Bioinformatics: Using predictions to improve predictions of membrane proteins

Machine learning methods have a long history within bioinformatics. Sequence based machine learning methods can roughly be divided into two classes, local and structural. The local methods are trained on information from a fixed length sequence window surrounding a residue. Thereafter various information, primarily sequence and evolutionary, from this window is gathered and feed into a machine learning algorithm, typically a support vector machine or an artificial neural network, to predict some feature of the central residues. This approach has been successful for many applications, including the prediction of secondary structure of proteins.

The structural machine learning algorithms used in sequence-based bioinformatics are based on some type of graph structure describing the protein sequence. This structure allows for non-fixed length windows in the training procedure as a sequence can be generated from different pathways through the graph. Typically hidden Markov models, Bayesian networks or conditional random fields are applied here. They have successfully been applied to the prediction of secondary structure (or topology) of membrane proteins and other problems. One limitation with these algorithms is that they cannot take into account correlations between different sites in the sequence. To tackle this problem we are developing methods based on a combination of local and globular machine learning algorithms. So far we have successfully applied them to membrane protein topology predictions of both alpha and beta types.

The next step in predictions of membrane protein structure predictions is to aim for full 3D-predictions. One way to do this is to use “direct information” and predict interacting residues in a protein and then use these to model the structure. The idea of contact predictions using “direct information” is based on the observation that two residues in a protein that are close in space often shows a co-variations, e.g for instance if residue A is large and residue B is small than if A is replaced by a small residue it is quite likely that B is replaced by a large residue. This type of correlated mutations has been used quite unsuccessfully to predict contacts in proteins for many years. However, recently it has been shown that methods based on “direct information” can improve the predictions drastically. The idea here is that if A is in contact with B and B is in contact with C, it is possible that stront co-variation between A and C can also be seen but that it is possible to disentangle the direct and indirect contacts.

The origin of “direct information” is work done by Lapedes in the late 1990’s. However, only in the last few years it has been shown that it provides a significant improvement, as it needs to have thousands of homologous sequences aligned to show high accuracy. But if sufficient number of sequences is available to performance of these methods is fantastic. Our latest implementation using a combination of plmDCA (developed by Erik Aurell at KTH) and psicov (developed by David Jones in the UK) and our own postprocessing filter (PconsC) have 77% accuracy among the top L (length of the protein) predictions.
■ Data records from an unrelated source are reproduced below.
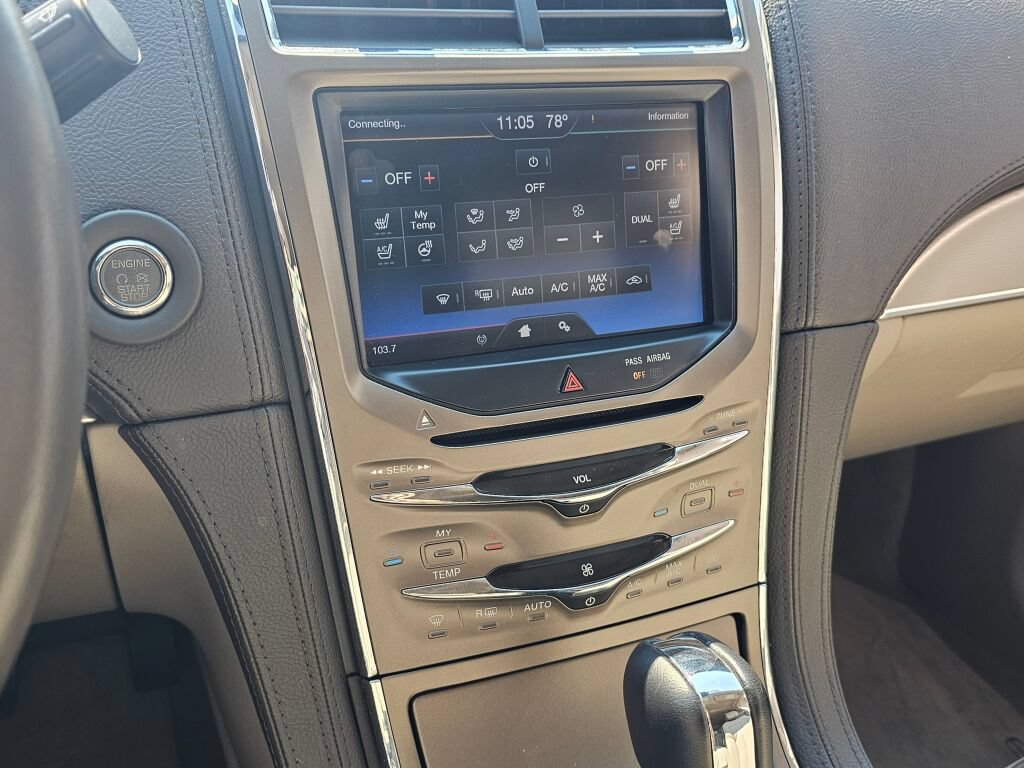 Used 2013 Lincoln MKX FWD image 23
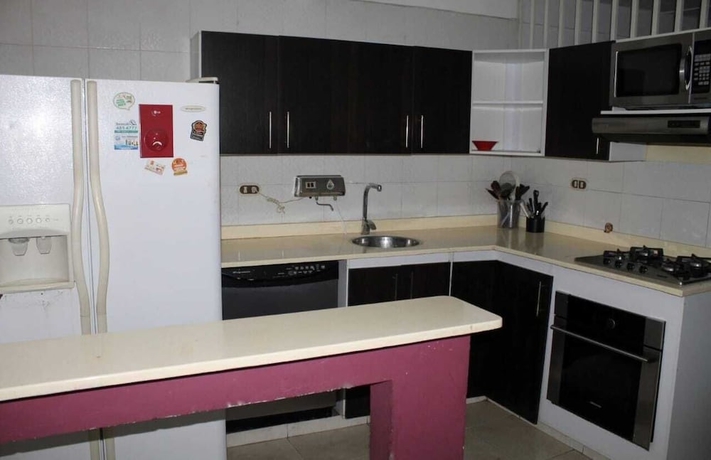 Imagen de la habitación del Hotel Apartaestudios San Cayetano. Foto 9
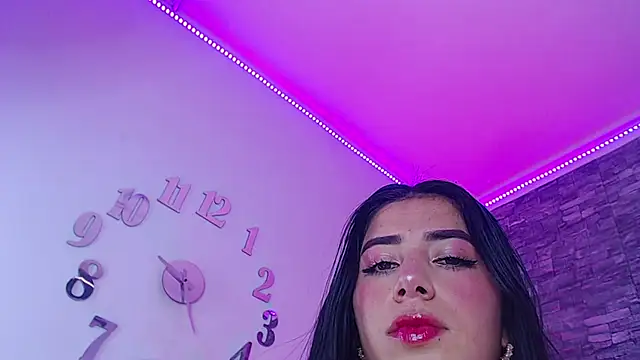 steisy star online show from 01/21/25, 04:37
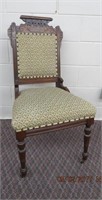 Edwardian hip rest side chair in carved walnut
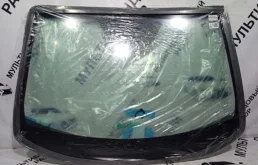 Лобовое (ветровое) стекло для Toyota RAV4 на фотографиях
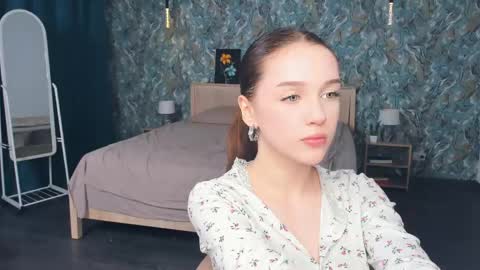 Snapshot of hwadwellingham chatting on 06.08.26 Lily online show from 06.08.26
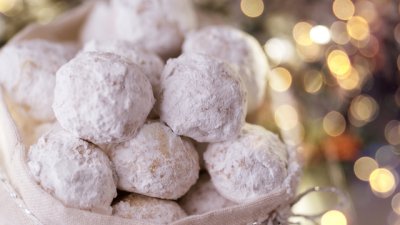 Пухкави масленки с пудра захар и орехи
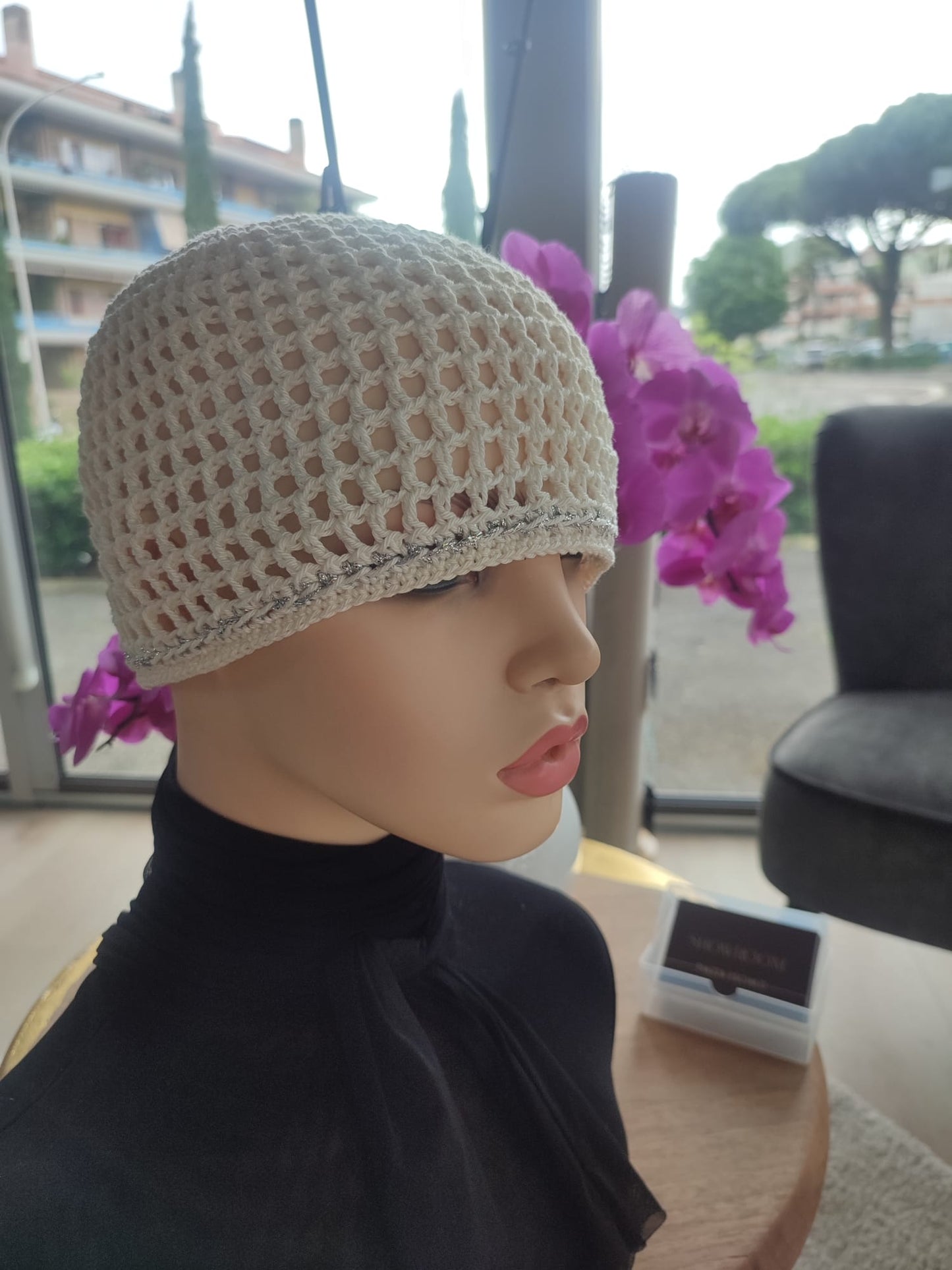 Cappello Artigianale a Punto Rete con Filo Lurex Argentato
Earlier methods rarely reached over 20%. Now we are implementing these methods into our structure prediction pipelines.

References
Hayat, S. and Elofsson, A. (2012) Ranking models of transmembrane beta-barrel proteins using Z-coordinate predictions. Bioinformatics 28 (12) : i90-i96.
Tsirigos, K.D., Hennerdal, A., Kall, L. and Elofsson, A. (2012) A guideline to proteome-wide alpha-helical membrane protein topology predictions. Proteomics 12 (14) : 2282-2294.
Hayat, S. and Elofsson, A. (2012) BOCTOPUS: improved topology prediction of transmembrane beta barrel proteins. Bioinformatics 28 (4) : 516-522.
Shu, N. and Elofsson, A. (2011) KalignP: Improved multiple sequence alignments using position specific gap penalties in Kalign2. Bioinformatics 27 (12) : 1702-1703.
Hennerdal, A. and Elofsson, A. (2011) Rapid membrane protein topology prediction. Bioinformatics 27 (9) : 1322-1323.
Larsson, P., Skwark, M.J., Wallner, B. and Elofsson, A. (2011) Improved predictions by Pcons.net using multiple templates.Bioinformatics 27 (3) : 426-427.
llergard, K., Kauko, A. and Elofsson, A. (2011) Why are polar residues within the membrane core evolutionary conserved?Proteins 79 (1) : 79-91.